◆ Extracted data entries:

_ _ _

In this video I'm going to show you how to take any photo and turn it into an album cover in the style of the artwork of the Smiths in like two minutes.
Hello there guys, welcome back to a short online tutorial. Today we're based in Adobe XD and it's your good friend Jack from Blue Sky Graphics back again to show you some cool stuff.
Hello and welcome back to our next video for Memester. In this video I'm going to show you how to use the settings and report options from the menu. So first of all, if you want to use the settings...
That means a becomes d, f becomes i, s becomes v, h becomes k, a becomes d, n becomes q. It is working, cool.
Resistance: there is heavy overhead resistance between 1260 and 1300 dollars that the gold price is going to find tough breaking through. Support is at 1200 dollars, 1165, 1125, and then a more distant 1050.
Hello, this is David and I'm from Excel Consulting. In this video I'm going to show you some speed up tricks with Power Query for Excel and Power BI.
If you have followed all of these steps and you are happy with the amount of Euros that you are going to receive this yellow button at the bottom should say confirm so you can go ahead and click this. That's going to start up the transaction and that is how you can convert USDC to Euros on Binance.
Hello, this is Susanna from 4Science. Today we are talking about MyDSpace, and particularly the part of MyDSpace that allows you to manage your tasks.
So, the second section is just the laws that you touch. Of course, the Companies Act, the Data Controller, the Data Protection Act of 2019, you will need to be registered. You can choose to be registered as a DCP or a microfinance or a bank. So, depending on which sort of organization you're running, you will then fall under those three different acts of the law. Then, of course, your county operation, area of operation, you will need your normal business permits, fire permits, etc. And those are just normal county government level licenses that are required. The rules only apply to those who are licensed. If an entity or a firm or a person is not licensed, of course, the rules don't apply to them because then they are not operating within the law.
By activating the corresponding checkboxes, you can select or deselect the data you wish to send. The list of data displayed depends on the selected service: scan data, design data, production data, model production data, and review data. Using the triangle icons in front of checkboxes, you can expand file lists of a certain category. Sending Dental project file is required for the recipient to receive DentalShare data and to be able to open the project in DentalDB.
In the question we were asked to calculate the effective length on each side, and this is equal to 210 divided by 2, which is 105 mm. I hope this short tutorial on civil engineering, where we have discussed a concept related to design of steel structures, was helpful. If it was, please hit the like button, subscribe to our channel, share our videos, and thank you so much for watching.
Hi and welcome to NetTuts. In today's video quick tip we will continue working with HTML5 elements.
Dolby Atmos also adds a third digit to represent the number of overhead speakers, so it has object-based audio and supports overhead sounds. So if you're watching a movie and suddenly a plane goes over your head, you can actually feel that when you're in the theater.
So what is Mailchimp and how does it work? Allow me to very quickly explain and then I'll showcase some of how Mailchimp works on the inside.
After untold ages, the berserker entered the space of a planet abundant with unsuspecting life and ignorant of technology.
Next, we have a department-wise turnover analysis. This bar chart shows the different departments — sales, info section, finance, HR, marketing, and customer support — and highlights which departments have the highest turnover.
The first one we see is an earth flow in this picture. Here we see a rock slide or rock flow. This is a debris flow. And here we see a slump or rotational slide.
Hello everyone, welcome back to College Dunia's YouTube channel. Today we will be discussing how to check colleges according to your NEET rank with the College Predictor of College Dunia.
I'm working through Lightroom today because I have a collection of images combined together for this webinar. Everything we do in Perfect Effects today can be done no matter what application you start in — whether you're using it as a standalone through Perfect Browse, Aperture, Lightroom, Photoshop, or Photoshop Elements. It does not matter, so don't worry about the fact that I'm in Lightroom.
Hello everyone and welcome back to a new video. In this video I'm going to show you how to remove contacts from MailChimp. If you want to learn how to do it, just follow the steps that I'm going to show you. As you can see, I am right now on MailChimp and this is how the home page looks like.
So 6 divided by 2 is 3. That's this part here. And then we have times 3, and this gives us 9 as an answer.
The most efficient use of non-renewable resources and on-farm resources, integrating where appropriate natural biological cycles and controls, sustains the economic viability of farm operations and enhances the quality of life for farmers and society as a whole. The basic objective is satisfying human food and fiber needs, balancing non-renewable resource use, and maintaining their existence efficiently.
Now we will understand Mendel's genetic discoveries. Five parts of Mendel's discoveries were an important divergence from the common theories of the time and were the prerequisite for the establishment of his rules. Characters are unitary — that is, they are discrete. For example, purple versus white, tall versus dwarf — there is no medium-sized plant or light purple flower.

_ _ _

◆ WHAT YOU ARE ASKED TO DO:
In the entries above, find the line holding "Hello and welcome" and the line holding "That means a", then retype exactly those two lines and every line between them, and nothing else.

◆ ANSWER SECTION:
Hello and welcome back to our next video for Memester. In this video I'm going to show you how to use the settings and report options from the menu. So first of all, if you want to use the settings...
That means a becomes d, f becomes i, s becomes v, h becomes k, a becomes d, n becomes q. It is working, cool.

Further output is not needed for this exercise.